Writers! If you want to entertain me–enlighten me, enthrall me, thrill me—but entreat my mind to feel that. Not just my shock value and adrenaline and/or hormones. Just like “mommy porn” shouldn’t be a basis for a book or film, neither should “disaster porn”. Writers need to unlock the stories that grab the stuff they are stitched together with and they need to bleed it on to the page. That is what I want. It can be funny, dramatic–anything really as long as it is a part of you that needs to be told. You can even add city destruction if you really must or giant robots, because they can be awesome, but for the love of humanity WRITE. CREATE. Don’t pander to me. I’m in my own head if I was solely entertained there, I wouldn’t outsource. Make me feel and think new ideas. Break molds that aren’t an insult to my intelligence or integrity. It is a tall order, but if you want my money, my devotion and for me to purchase your next work and suggest it to my friends, it is the very least you can do. You aren’t a money machine, you are an artist. Make a work of art.

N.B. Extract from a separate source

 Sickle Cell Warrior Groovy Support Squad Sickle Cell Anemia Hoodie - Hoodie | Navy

Women, for the sake of our daughters, don’t show them that real literature is lack of character development, decent dialogue, and plot. Let their imaginations thrive on how great they can be someday, where they can go, and what adventures life can lead to. Help them see that life can have ups and down like a story, but life isn’t the bedroom. “Life” is the meat of the plot that drives the book to be fascinating. Your characters grow and explore and are whimsical, or dramatic and deep. Again, the bedroom isn’t the main course of life, it is the dessert. Let our girls know that desserts should be sweet and enjoyable. Let them see that the sky is the limit and all good things are possible. But teach them that the “nice guy” who would treat them like royalty is the one they want instead of romanticizing rich and exclusive emotional baggage turned abusive as an ideal beau.
Women teach your sons to have taste in actual storytelling, and please let them at least think that you do too. But more over, teach them something that is consistent when it comes to our gender. It is downright confusing to teach them to be gentlemen, and then ogle the opposite. Please teach them that a gentleman isn’t a suit and full wallet; it is an ideal of how to interact with other people. Nurture that chivalrous ability they have that is so charming and to have strength of character. To stand for what they believe in, to use their common sense and way they look at the world to compliment their potential mate.

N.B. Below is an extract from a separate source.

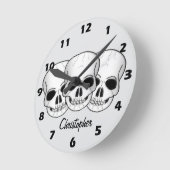 Fantasy Art Skull Design Personalised ラウンド壁時計 (傾斜)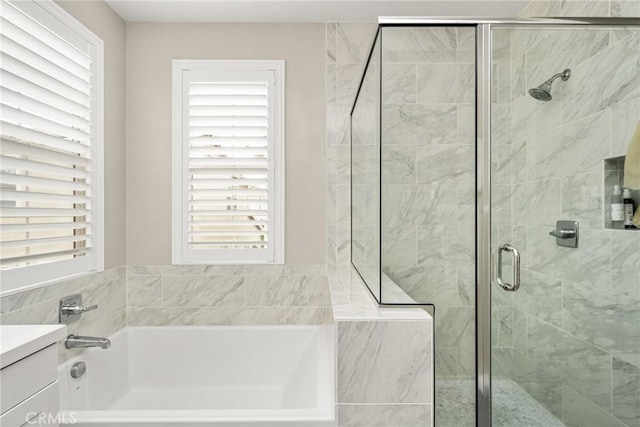 109 Baculo St, Rancho Mission Viejo, CA 92694 - full bathroom with a bath, a shower stall, and vanity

I return, I’ll raise my daughters to understand that sexy isn’t cold, bland men with issues in the bedroom, but someone you can enjoy time with and go on adventures together, even if they aren’t romantic world travel getaways and look more like Malcom in the Middle episodes. But you can bet that when my kids grow up and life gives them the days that there isn’t much to talk about but books, movies and such, they’ll have more on their mind to talk about than garbage novels and their movie counterparts.